On show are prospective world champions Nathan Cleverly, Matthew Macklin, Kell Brook and Frankie Gavin but pick of the home scraps has to be the much anticipated match for the British super-middleweight title between James DeGale and Paul Smith. It's remiss of me perhaps to mention Smith last as he is the current champion but such has been DeGale's exposure since he won 2008 Olympic Gold that the Londoner has fast-tracked his way to this opportunity on the back of eight straight wins. But is he ready?

It is only 22 months since 'Chunky' turned pro and yet it seems a long, long time ago that he was being booed by the Birmingham crowd on that difficult debut night. DeGale 1.17 has very quickly morphed into a flashy, good-to-watch boxer and the stoppages, six of them in eight, have followed. You wouldn't describe him as a puncher, stoppages tend to come at this stage of a career (particularly for a talented former amateur) and DeGale still has the tendency to throw wide and sometimes slapping punches but he is extremely talented and has that winning commodity; speed. It could be the key to the fight.

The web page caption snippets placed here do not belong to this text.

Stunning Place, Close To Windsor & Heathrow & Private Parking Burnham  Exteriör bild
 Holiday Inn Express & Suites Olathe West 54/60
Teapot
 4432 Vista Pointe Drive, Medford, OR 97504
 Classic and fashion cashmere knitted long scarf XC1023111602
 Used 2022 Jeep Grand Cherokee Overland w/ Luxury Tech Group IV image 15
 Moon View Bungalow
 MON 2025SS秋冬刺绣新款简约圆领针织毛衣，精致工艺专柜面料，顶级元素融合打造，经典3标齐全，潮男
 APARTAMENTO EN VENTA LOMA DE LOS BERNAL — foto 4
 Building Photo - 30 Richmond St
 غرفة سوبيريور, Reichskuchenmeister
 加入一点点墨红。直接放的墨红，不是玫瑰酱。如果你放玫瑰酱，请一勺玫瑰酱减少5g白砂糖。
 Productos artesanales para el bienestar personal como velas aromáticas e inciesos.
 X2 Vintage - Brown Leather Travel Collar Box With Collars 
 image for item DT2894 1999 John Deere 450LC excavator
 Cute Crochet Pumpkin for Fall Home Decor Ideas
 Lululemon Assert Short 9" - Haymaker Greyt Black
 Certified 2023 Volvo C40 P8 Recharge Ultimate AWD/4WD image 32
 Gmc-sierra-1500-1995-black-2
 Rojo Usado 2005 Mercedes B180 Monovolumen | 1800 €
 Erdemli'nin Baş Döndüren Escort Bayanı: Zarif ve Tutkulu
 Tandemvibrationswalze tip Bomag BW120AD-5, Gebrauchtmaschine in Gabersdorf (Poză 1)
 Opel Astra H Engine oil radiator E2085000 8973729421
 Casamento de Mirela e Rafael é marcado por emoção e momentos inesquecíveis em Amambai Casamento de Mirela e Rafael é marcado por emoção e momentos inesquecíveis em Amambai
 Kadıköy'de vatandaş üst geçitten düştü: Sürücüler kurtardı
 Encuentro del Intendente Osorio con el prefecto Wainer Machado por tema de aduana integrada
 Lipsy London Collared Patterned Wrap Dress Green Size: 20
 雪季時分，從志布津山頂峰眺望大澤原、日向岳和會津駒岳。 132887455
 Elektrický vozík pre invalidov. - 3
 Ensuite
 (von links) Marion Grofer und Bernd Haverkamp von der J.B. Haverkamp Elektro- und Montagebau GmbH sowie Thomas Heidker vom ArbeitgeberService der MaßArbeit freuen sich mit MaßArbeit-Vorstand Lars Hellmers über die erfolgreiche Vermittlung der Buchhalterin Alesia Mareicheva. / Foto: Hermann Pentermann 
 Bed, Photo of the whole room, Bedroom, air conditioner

Paul Smith has only lost once in 30 fights and the Liverpuddlian has put together a solid if unspectacular resume. 'Smigga' 3.45 has looked rugged and tough in winning both recent city-derby showdowns at the Echo arena against Tony's Quigley and Dodson. The latter, his first defence of the British Title was a terrific effort given he suffered horrible cuts in the opening rounds but came from behind to win. If it becomes a proper battle keep your eye on the in-running market because Smith has the stuff to emerge on top again.

But the pattern of the fight and in turn the result of it really depends on DeGale. If he can check his ego and use his skill and speed then he ought to be able to box his way to a decision win. I do wonder if DeGale is as confident as he portrays or as tough as he thinks but he deserves to be moved quickly and this fight may reveal more about him.

Like DeGale, Dereck Chisora has not looked short on confidence as he has risen rapidly through the ranks but having won titles at British & Commonwealth level, Chisora steps out of the baby pool to challenge IBF/WBO/IBO Heavyweight World Champion Wladimir Klitschko. Depending on your take he has nothing to lose or is onto a hiding; I think probably a big slice of both.

The task at hand for Chisora 10.5 is quite literally huge: not only is there a gulf in talent as well as experience but the North Londoner will give up around five inches in height and seven inches in reach. There is no doubt that his win against Sam Sexton in September proved that Chisora is improving but that is European form at best and I'm struggling to see a way in for him here. The truth is this fight is all about Klitschko and how he wins.

As always in a Wladimir Klitschko fight, you are essentially betting on how positively he will approach it and when he decides to risk throwing that big right hand. He ought to be a fair bet to win by KO 1.33 given he has ended each of his last five fights that way and Chisora as well as being out of his depth, also happens to look hittable. But things are never that clear cut with Klitschko. He took 10 rounds to despatch Samuel Peter last time despite thumping that slow coach at will and previously only a last minute stoppage spared his blushes against Eddie Chambers who practically invited an early bath. It is now three-and-a-half years since Klitschko stopped an opponent before half way, so tread carefully.

Many will fancy Klitschko by KO/TKO/DQ 1.33 but I just don't trust him. Now, if Chisora fights as recklessly as he talks - and he has given the signals that he will be aggressive - then Klitschko could look spectacular here. Equally, Chisora could use his speed to buy time. Allied to Klitschko's reticence it may be this fight goes beyond halfway. I wouldn't go mad about it but my strategy would be to back a group of individual rounds for the stoppage and my idea would be to look at rounds 6-10 inclusive which works out at around even money 2.0.